Created by a group of educators, this nonprofit rethinks the priorities of an LMS, asserting that too many systems miss the most essential elements of what makes learning stick. They promise a better user experience – emphasizing Learning before Management and System.

Watershed aims to support an inquiry-based learning experience through an integrated mix of online and in-person learning strategies and interactions designed expressly for teams – including collaboration, reflection, and dialogue.

While Watershed was founded initially to serve the K-12 education market, the company has since expanded its scope to cater to all types of teachers and learners with its video-rich, state-of-the-art platform.

If you’re a mission-driven educator, content creator, institution, or business, this LMS may be the one for you.

Watershed specializes in assisting you with the instructional design of courses and provides content production services to ensure top-quality video assets with lasting value. Their LMS makes it easy for course creators to continuously update and tailor content to support small and large groups, while ensuring the technology and instructional strategy supports communities of learners.

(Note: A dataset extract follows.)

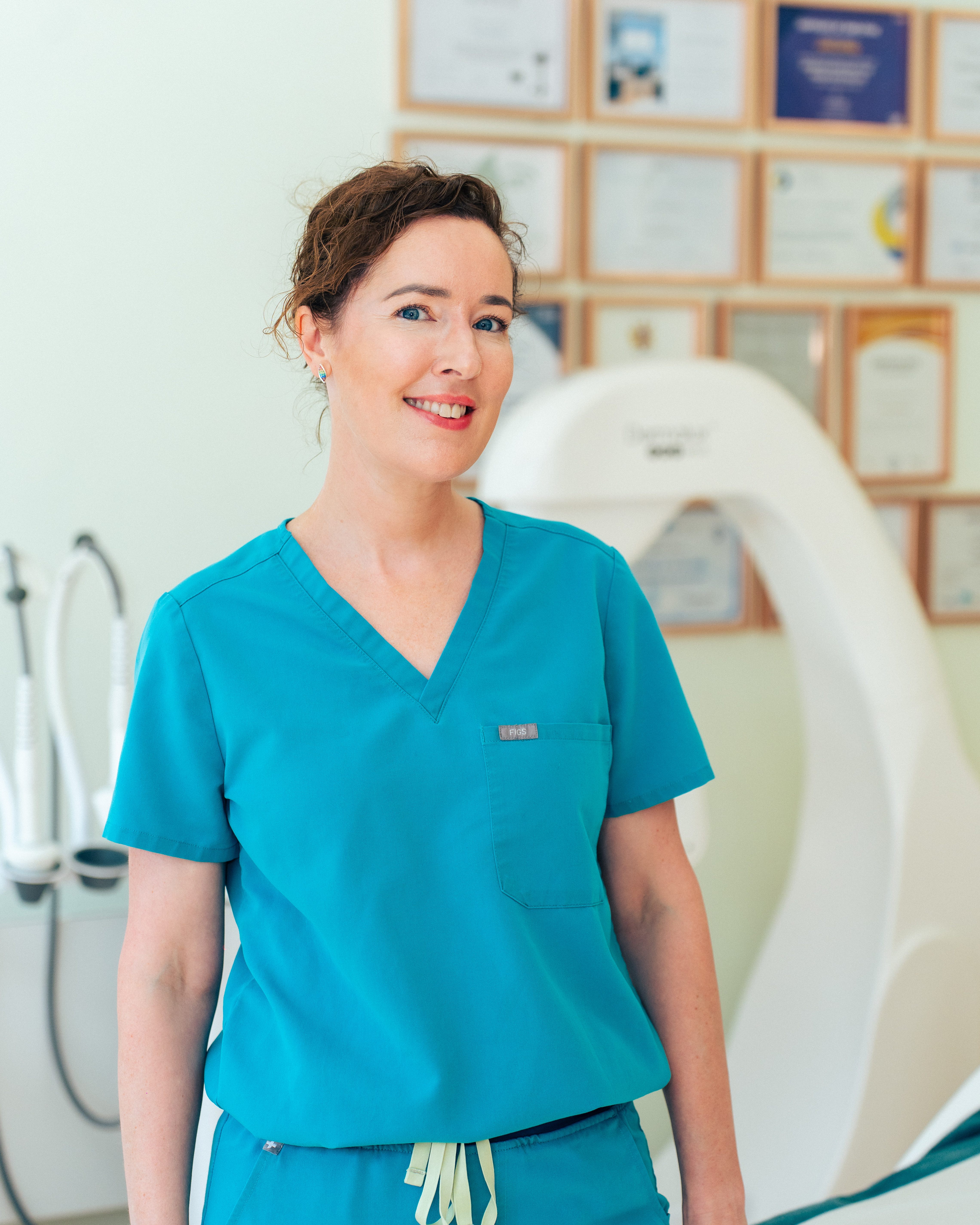 Laura providing professional medical aesthetic treatment to a client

Pricing varies based on products and services, but revenues support the nonprofit’s ability to make its platform and courses available at little or no cost for high-need educators and educational settings.

Honorable Mentions

There are dozens of LMS vendors in this growing market and the brands included in foregoing list are by no means the only viable options for companies or learning institutions looking to upgrade their learning infrastructure.

Many other excellent services are worth checking out. These include:

  1. Docebo is an LMS designed for hyper-engaging students, employees, customers, and other learners. The system helps organizations identify and resolve competency gaps with strategic learning interventions.
  2. Cornerstone OnDemand is a talent, training, and performance management solution offered as an SaaS (Software-as-a-Service). This service enables learners to create personalized playlists of instructional content.
  3. Lessonly is an LMS solution that makes it easier to recall and reinforce whatever skills or knowledge you have learned through quizzes, coaching, and constant practice.
  4. Skillsoft is an online training and corporate learning platform developed by a two-decade old and billion-dollar company with the same name.
  5. D2L BrightSpace is a learning management system that has all the basics for delivering excellent, rich-media experiences for classroom or workplace training.

Conclusion

There are many ways to learn but some are more effective and meaningful than others. Whether you are a teacher looking to enhance classroom learning or an HR manager creating a long-term talent development plan for employees, the key to impactful learning is to understand and bridge the needs of learners, the goals of your institution, and the actual capabilities of the learning tools you are considering.

Note that using multiple LMS platforms is possible although not recommended. On the other hand, adopting other learning solutions beyond LMS (such as podcasts, mentoring, and onsite in-person workshops) may significantly improve learning outcomes. Always go for products and plugins that seamlessly integrate into your core LMS tool.